### ASSIGNMENT
Go through the records and give each one again exactly.
══ THE DATA
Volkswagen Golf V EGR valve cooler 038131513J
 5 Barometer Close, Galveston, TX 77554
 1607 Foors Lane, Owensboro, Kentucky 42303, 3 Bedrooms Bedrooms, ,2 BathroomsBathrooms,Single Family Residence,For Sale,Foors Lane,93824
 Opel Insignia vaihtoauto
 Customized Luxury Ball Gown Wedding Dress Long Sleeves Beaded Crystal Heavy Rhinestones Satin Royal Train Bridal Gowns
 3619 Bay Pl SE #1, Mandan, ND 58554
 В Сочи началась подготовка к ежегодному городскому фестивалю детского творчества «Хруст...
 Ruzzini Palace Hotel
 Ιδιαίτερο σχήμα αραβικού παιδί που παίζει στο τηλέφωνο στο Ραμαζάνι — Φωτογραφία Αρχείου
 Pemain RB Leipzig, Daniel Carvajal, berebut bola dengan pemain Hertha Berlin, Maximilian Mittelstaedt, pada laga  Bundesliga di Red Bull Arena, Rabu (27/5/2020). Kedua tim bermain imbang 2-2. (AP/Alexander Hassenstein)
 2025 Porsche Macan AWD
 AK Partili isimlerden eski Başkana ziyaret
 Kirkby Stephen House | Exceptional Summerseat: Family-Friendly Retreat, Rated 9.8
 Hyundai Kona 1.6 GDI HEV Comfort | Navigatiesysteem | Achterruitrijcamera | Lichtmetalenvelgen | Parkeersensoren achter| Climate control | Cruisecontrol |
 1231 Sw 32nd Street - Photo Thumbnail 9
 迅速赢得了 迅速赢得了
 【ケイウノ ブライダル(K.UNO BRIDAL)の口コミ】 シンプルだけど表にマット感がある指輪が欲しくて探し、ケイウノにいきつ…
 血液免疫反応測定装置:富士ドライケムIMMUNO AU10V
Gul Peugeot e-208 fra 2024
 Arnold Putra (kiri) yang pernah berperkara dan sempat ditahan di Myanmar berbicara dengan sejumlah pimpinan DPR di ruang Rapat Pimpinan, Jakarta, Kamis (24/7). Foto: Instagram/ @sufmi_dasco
════
### ANSWER SPACE
Volkswagen Golf V EGR valve cooler 038131513J
 5 Barometer Close, Galveston, TX 77554
 1607 Foors Lane, Owensboro, Kentucky 42303, 3 Bedrooms Bedrooms, ,2 BathroomsBathrooms,Single Family Residence,For Sale,Foors Lane,93824
 Opel Insignia vaihtoauto
 Customized Luxury Ball Gown Wedding Dress Long Sleeves Beaded Crystal Heavy Rhinestones Satin Royal Train Bridal Gowns
 3619 Bay Pl SE #1, Mandan, ND 58554
 В Сочи началась подготовка к ежегодному городскому фестивалю детского творчества «Хруст...
 Ruzzini Palace Hotel
 Ιδιαίτερο σχήμα αραβικού παιδί που παίζει στο τηλέφωνο στο Ραμαζάνι — Φωτογραφία Αρχείου
 Pemain RB Leipzig, Daniel Carvajal, berebut bola dengan pemain Hertha Berlin, Maximilian Mittelstaedt, pada laga  Bundesliga di Red Bull Arena, Rabu (27/5/2020). Kedua tim bermain imbang 2-2. (AP/Alexander Hassenstein)
 2025 Porsche Macan AWD
 AK Partili isimlerden eski Başkana ziyaret
 Kirkby Stephen House | Exceptional Summerseat: Family-Friendly Retreat, Rated 9.8
 Hyundai Kona 1.6 GDI HEV Comfort | Navigatiesysteem | Achterruitrijcamera | Lichtmetalenvelgen | Parkeersensoren achter| Climate control | Cruisecontrol |
 1231 Sw 32nd Street - Photo Thumbnail 9
 迅速赢得了 迅速赢得了
 【ケイウノ ブライダル(K.UNO BRIDAL)の口コミ】 シンプルだけど表にマット感がある指輪が欲しくて探し、ケイウノにいきつ…
 血液免疫反応測定装置:富士ドライケムIMMUNO AU10V
Gul Peugeot e-208 fra 2024
 Arnold Putra (kiri) yang pernah berperkara dan sempat ditahan di Myanmar berbicara dengan sejumlah pimpinan DPR di ruang Rapat Pimpinan, Jakarta, Kamis (24/7). Foto: Instagram/ @sufmi_dasco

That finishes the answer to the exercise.